What to work on
Under this task are some entries; return every one of them exactly.

Task data

* * * * * * *

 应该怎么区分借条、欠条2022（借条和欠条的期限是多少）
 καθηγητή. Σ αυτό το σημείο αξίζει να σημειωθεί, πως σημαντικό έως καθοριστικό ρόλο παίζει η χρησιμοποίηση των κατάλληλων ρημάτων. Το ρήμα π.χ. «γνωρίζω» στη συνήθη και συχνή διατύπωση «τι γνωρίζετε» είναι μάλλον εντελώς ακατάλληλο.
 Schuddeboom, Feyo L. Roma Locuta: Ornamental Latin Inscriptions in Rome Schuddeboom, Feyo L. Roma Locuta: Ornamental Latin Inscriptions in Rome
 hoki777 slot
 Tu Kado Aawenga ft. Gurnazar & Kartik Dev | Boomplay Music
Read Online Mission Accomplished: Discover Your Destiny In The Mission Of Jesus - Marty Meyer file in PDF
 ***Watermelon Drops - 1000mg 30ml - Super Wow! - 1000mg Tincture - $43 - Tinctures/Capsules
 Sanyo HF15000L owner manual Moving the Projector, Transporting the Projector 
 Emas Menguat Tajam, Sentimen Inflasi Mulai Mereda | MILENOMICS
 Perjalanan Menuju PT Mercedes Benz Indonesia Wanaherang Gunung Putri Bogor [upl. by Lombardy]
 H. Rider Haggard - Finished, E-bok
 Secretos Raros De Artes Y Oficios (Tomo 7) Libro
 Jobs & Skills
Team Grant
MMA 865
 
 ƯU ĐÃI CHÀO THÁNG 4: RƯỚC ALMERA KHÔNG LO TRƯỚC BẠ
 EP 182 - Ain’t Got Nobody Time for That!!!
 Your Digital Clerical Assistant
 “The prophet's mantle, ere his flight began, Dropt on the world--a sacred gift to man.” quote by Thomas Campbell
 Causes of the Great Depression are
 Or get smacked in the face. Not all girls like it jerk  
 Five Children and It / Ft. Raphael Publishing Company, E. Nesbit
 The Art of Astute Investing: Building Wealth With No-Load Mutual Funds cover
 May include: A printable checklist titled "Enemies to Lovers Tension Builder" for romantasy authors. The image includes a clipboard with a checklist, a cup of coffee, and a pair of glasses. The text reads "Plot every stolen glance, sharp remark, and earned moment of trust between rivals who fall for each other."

* * * * * * *

Problem solution
 应该怎么区分借条、欠条2022（借条和欠条的期限是多少）
 καθηγητή. Σ αυτό το σημείο αξίζει να σημειωθεί, πως σημαντικό έως καθοριστικό ρόλο παίζει η χρησιμοποίηση των κατάλληλων ρημάτων. Το ρήμα π.χ. «γνωρίζω» στη συνήθη και συχνή διατύπωση «τι γνωρίζετε» είναι μάλλον εντελώς ακατάλληλο.
 Schuddeboom, Feyo L. Roma Locuta: Ornamental Latin Inscriptions in Rome Schuddeboom, Feyo L. Roma Locuta: Ornamental Latin Inscriptions in Rome
 hoki777 slot
 Tu Kado Aawenga ft. Gurnazar & Kartik Dev | Boomplay Music
Read Online Mission Accomplished: Discover Your Destiny In The Mission Of Jesus - Marty Meyer file in PDF
 ***Watermelon Drops - 1000mg 30ml - Super Wow! - 1000mg Tincture - $43 - Tinctures/Capsules
 Sanyo HF15000L owner manual Moving the Projector, Transporting the Projector 
 Emas Menguat Tajam, Sentimen Inflasi Mulai Mereda | MILENOMICS
 Perjalanan Menuju PT Mercedes Benz Indonesia Wanaherang Gunung Putri Bogor [upl. by Lombardy]
 H. Rider Haggard - Finished, E-bok
 Secretos Raros De Artes Y Oficios (Tomo 7) Libro
 Jobs & Skills
Team Grant
MMA 865
 
 ƯU ĐÃI CHÀO THÁNG 4: RƯỚC ALMERA KHÔNG LO TRƯỚC BẠ
 EP 182 - Ain’t Got Nobody Time for That!!!
 Your Digital Clerical Assistant
 “The prophet's mantle, ere his flight began, Dropt on the world--a sacred gift to man.” quote by Thomas Campbell
 Causes of the Great Depression are
 Or get smacked in the face. Not all girls like it jerk  
 Five Children and It / Ft. Raphael Publishing Company, E. Nesbit
 The Art of Astute Investing: Building Wealth With No-Load Mutual Funds cover
 May include: A printable checklist titled "Enemies to Lovers Tension Builder" for romantasy authors. The image includes a clipboard with a checklist, a cup of coffee, and a pair of glasses. The text reads "Plot every stolen glance, sharp remark, and earned moment of trust between rivals who fall for each other."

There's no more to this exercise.